See id. (suggesting that officers use trained police dogs to apprehend such suspects because they do not have “the risks attendant [with] the use of firearms in the darkness, thus, frequently enhancing the safety of the officers, bystanders and the suspect”). Instead, the language in
Robinette linked the use of deadly force directly to the safety of the officers.
See id. (explaining that “this is a case where an officer was forced to explore an enclosed unfamiliar area in which he knew a man was hiding”). Our dicta in
Robinette recognized the inherent dangers facing police officers searching for a suspect who is hiding from them. In such a situation, officers have an unquestionable right to protect themselves from a possible ambush. Once a suspect has been found, however, and the police have weapons directed at him, as in this case, the inherent danger to the officers resulting from a hidden suspect in an enclosed, unfamiliar area at night is diminished.

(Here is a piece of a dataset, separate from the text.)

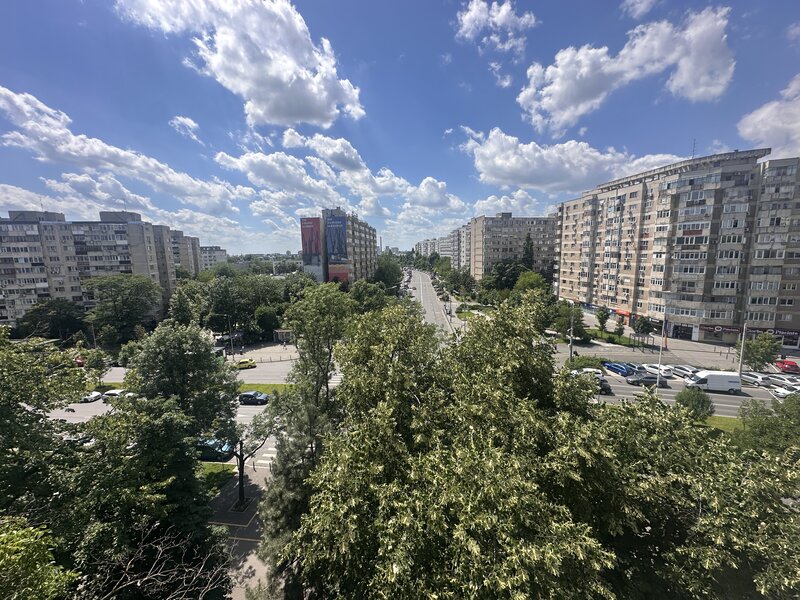 Drumul Taberei, metrou C-tin Brancusi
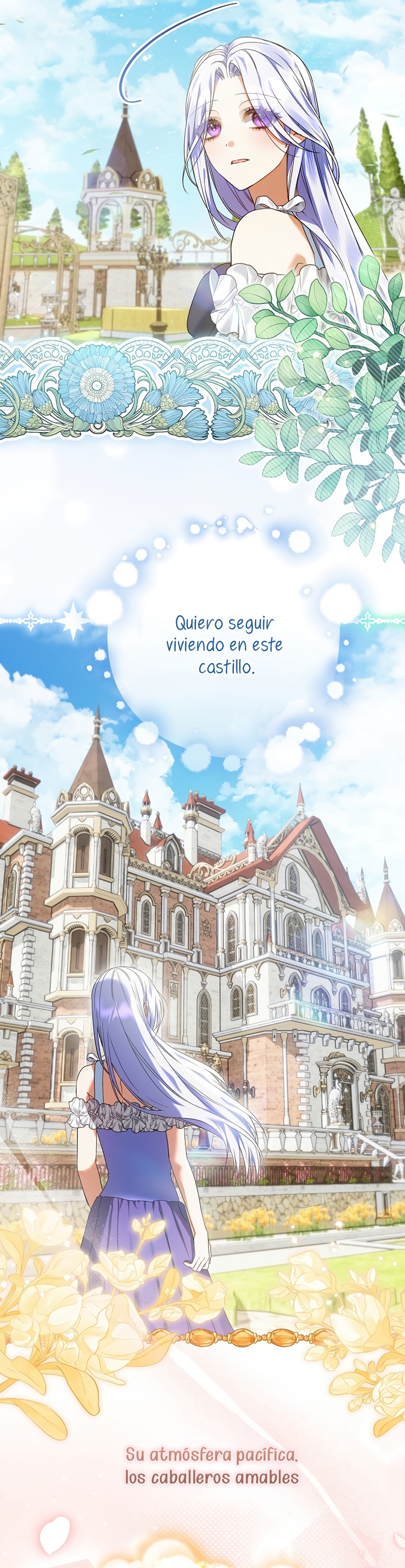 Estoy lista para ser divorciada Capítulo 38 - Page 21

See Dickerson, 101 F.3d at 1163 (holding that a suspect walking towards the police in an unfamiliar area at night with his hands at his side does not justify the use of deadly force). No reasonable police officer would think that once the suspect has been found, it is still constitutionally permissible to shoot the suspect absent a serious threat to the officers or others. Indeed, once Bailey had both his gun and flashlight trained on Sample, there is no factual distinction between this case and any other one in which the police officers confront a suspect to effect an arrest. Therefore, there is nothing about the factual context of this case which would justify a reasonable officer in believing that the well-established
Robinson rule did not apply. Thus, we conclude that the contours of the constitutional right were sufficiently clear in this situation so that a reasonable officer would have known that Sample had a right not be shot unless he was perceived as a threat to the officers or to others.